Nachfolger für Vorsitzenden gesucht
Reckenfelder Treff ohne Reiling

Reckenfeld -

Der Verein „Reckenfelder Treff“ steht erneut vor einer ungewissen Zukunft. Der Vorsitzende Ernst Reiling kündigte nun an, das Amt bald abgeben zu wollen. Ob sich ein Nachfolger oder eine Nachfolgerin findet – offen. Damit steht der Verein wieder vor einer Situation, die ihm nicht ganz unbekannt ist.

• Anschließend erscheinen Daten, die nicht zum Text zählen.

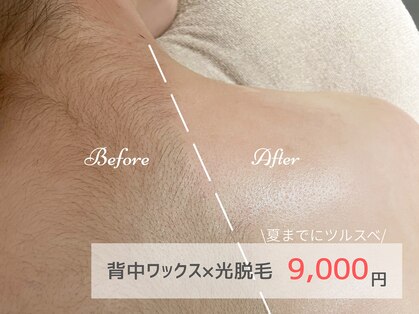 ピミル(PIMIL)の写真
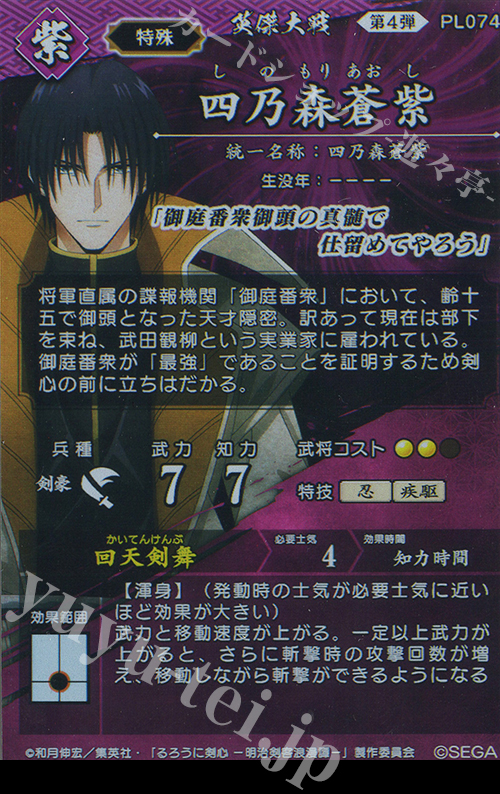 傷】 SR 四乃森蒼紫 販売 | 二天双龍の闘い | 英傑大戦通販ならカード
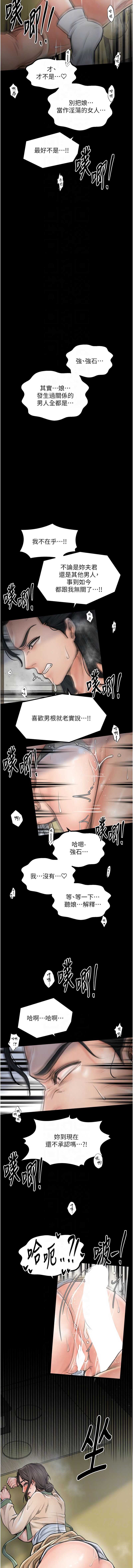 最强家丁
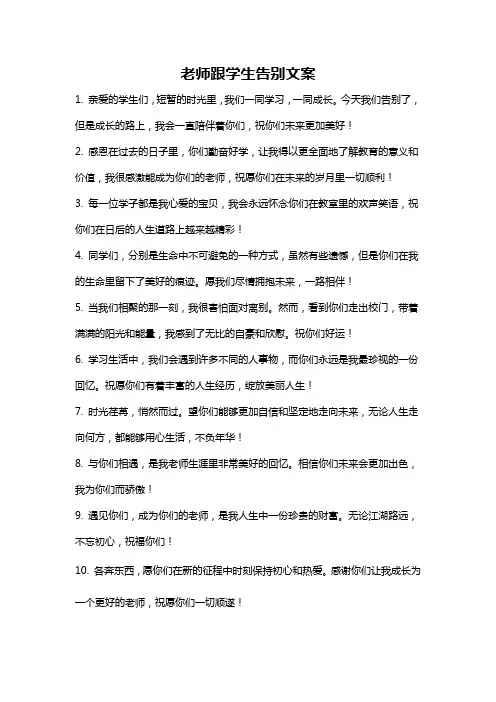 老师跟学生告别文案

Donnerstag, 24.10.2019, 08:34 Uhr aktualisiert: 24.10.2019, 08:40 Uhr
Ernst Reiling hat angekündigt, den Vorsitz des Vereins „Reckenfelder Treff“ abzugeben. Wie es weitergeht ist derzeit völlig offen.
Ernst Reiling hat angekündigt, den Vorsitz des Vereins „Reckenfelder Treff“ abzugeben. Wie es weitergeht ist derzeit völlig offen. Foto: Rosemarie Bechtel

Reiling war zuvor bereits rund 20 Jahre lang Vorsitzender des Reckenfelder Treffs, bevor er sich zum Rückzug entschloss. Albert Pauck , ebenfalls ein Mitglied der ersten Stunde, übernahm für vier Jahre. Als dieser ankündigte, nicht erneut zu kandidieren, übernahm Reiling im August 2018 erneut den Chef-Posten. „Bevor der Verein untergeht“, sagte Reiling seinerzeit unserer Redaktion, sei er bereit, übergangsweise wieder in den Ring zu steigen.

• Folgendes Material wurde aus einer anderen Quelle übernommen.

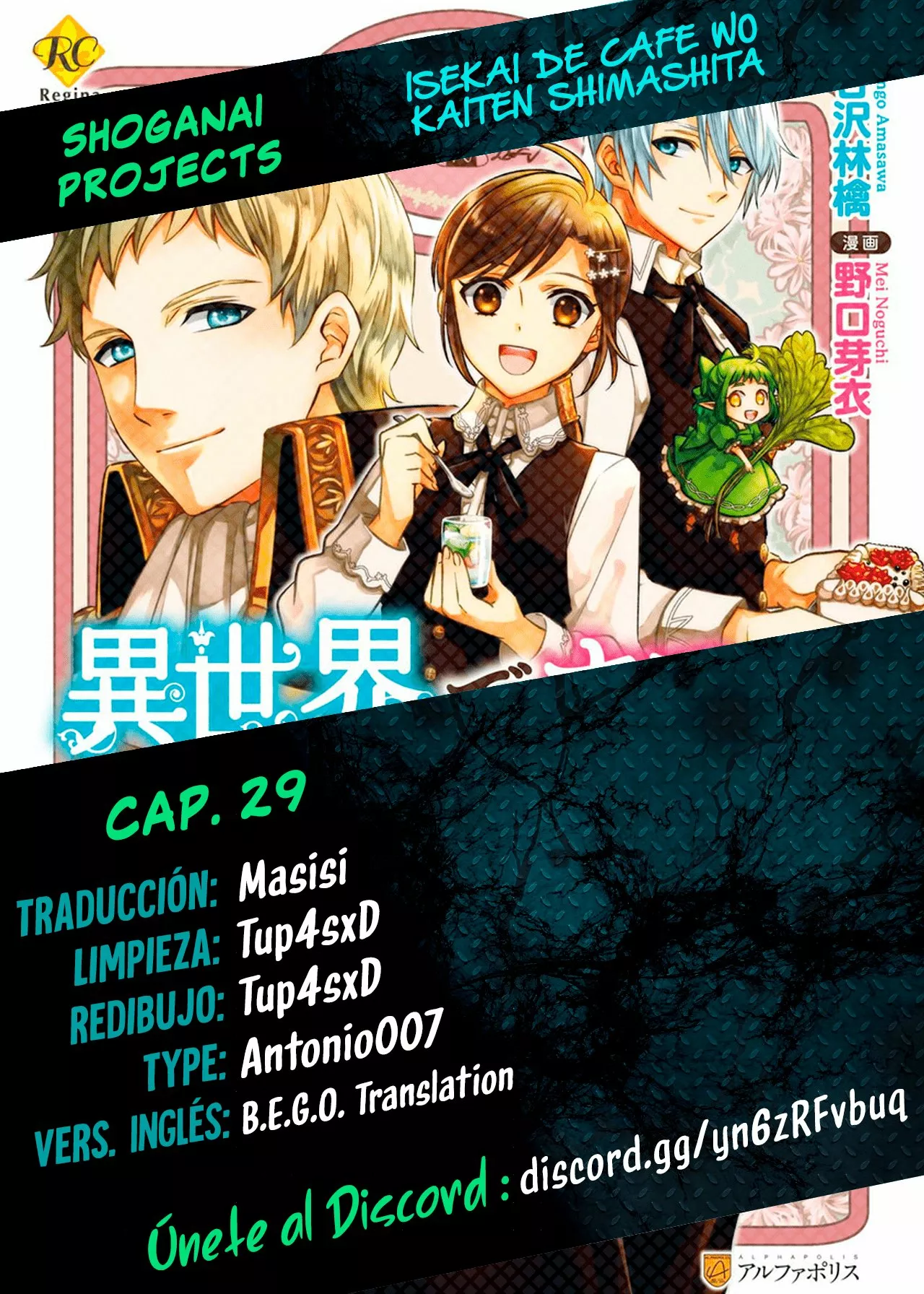 Página 31 del Manga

Dieses „übergangsweise“ wird bald enden. Wann genau ist noch nicht geklärt. Ein Termin für die Mitgliederversammlung, bei der über die Zukunft entschieden werden muss, ist noch nicht festgezurrt. Klar ist für Reiling nur soviel: Eine von ihm geplante Veranstaltung mit Aladin El-Mafaalani soll der Schlusspunkt sein. Der renommierte Wissenschaftler stellt sein neues Buch zum Bildungssystem Mitte Februar vor. Danach will Reiling ihn kontaktieren und erneut nach Greven einladen.

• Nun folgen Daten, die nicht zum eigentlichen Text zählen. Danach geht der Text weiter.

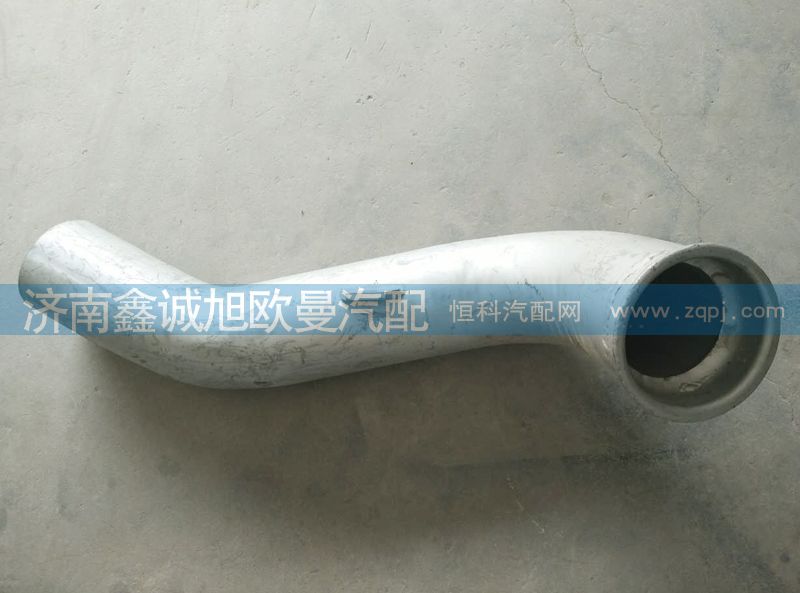 H0120070023A0,排氣管,濟南鑫誠旭歐曼汽車配件有限公司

„Vor der Wahl muss das geregelt sein“, betont Reiling mit Blick auf die Kommunalwahl im September 2020. „Das habe ich auch von Anfang an so gesagt.“

Was Reiling dazu bewegt, den Vorsitz abzugeben? „Ich halte es für unglücklich, wenn man beides macht“, sagt er. Mit „beides“ meint er das politische Engagement im Rat einerseits und die Kulturarbeit im Reckenfelder Treff andererseits. Es gebe immer wieder „Missgunst und Vorwürfe“. Die Mitglieder des Reckenfelder Treffs müssten sich rechtfertigen und erklären. Im Kern geht es um den Vorwurf, dass man aus dem politischen Engagement Reilings Vorteile für den Kulturverein ziehe. „Das muss ich nicht mehr haben“, sagt Reiling deutlich.

Zur Zukunft des Reckenfelder Treffs werde er nun einige grundsätzliche Gespräche führen. Führen müssen. Er selbst geht nicht davon aus, dass es gelingt, nochmal einen Kandidaten aus dem Hut zu zaubern, der (oder die) bereit wäre, das Vorsitzenden-Amt zu übernehmen.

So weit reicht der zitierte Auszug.